- IATA: none; ICAO: none;

Summary
- Location: Barton-Le-Clay
- Opened: 1935
- Closed: November 1945
- Interactive map of Barton-Le-Clay Airfield

= Barton-Le-Clay Airfield =

Barton-Le-Clay Airfield (Barton In The Clay Aerodrome) was first established in 1935 to the west of the village, on farmland owned by the nearby Brook End Green Farm. Its first residents were the newly formed Luton Aircraft Limited and The Dunstable Sailplane Company, both companies co-owned by W.L. Manuel and C.H. Latimer-Needham.

Before the mid-1960s Barton-Le-Clay was called Barton In The Clay but the name was changed to the current form by the Parish Council of the time. All references and documentation prior to this date will be in the original village name.

Luton Aircraft commenced construction of its two first aircraft under the management of W.L. Manuel, the Luton Buzzard and the Luton Minor. They were completed ready for flight on 12 December 1935 and 11 July 1936 respectively. In late 1936 the company moved from Barton-Le-Clay to new premises named The Phoenix Works on Oxford Rd, Gerrards Cross, after a fire substantially damaged the workshop building and contents.

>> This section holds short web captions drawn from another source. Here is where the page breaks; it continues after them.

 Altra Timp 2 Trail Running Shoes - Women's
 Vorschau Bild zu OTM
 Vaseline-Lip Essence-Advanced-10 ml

The Dunstable Sailplane Company had started life just a year before, building and repairing gliders in the village of Hockliffe south west of Barton-Le-Clay. Most of the company's clients were from the recently formed and nearby London Gliding Club, from whose hangars Manuel had previously been working.

Marendaz Aircraft came to Barton-Le-Clay airfield in 1937, formed by D.M.K. Marendaz in 1936 from the remains of Marendaz Special Cars Ltd at the Cornwallis Works, Maidenhead to manufacture aircraft. Production of the company's first aircraft had been severely damaged in a fire and the work to rebuild was priority after the move. The Marendaz Mk3 was registered as G-AFGG on 23 March 1938; a second aircraft called the Marendaz Trainer was registered as G-AFZX on 31 October 1939.

The Bedford School of Flying was granted licence on 1 January 1938 and the Flying school formed on 14 January 1938, training of a large number of CAG members (as many as 500). The airfield's day-to-day management was handled by International Aircraft & Engineering Ltd which, like the Bedford School of Flying, was owned by D.M.K. Marendaz and Dorothy Summers. The School operated until 1940.

On 22 July 1940 No 24 Elementary Flying Training School (EFTS) was established at Luton and Barton-le-clay was assigned as a Relief Training Ground as the main Luton airfield became more congested. When the EFTS relocated, Luton airfield became the home of No 5 Ferry Pool, an all-women group of the Air Transport Auxiliary (ATA), who also used Barton-le-Clay as its Relief Training Ground. No.5 Ferry Pool had relocated from the Hatfield de Havilland Aircraft Company factory site and later moved operations to Haddenham, Buckinghamshire (RAF Thame), in 1943 though they retained use of the Barton-Le-Clay airfield, transporting student pilots by bus each day until the ATA disbanded at the end of November 1945.

Barton-le-Clay airfield returned to civil use post 1945, with the grass airstrip being returned to agriculture and the buildings being occupied for industrial use.

The airfield has an active research group which documents its findings on the Barton-Le-Clay Community Website.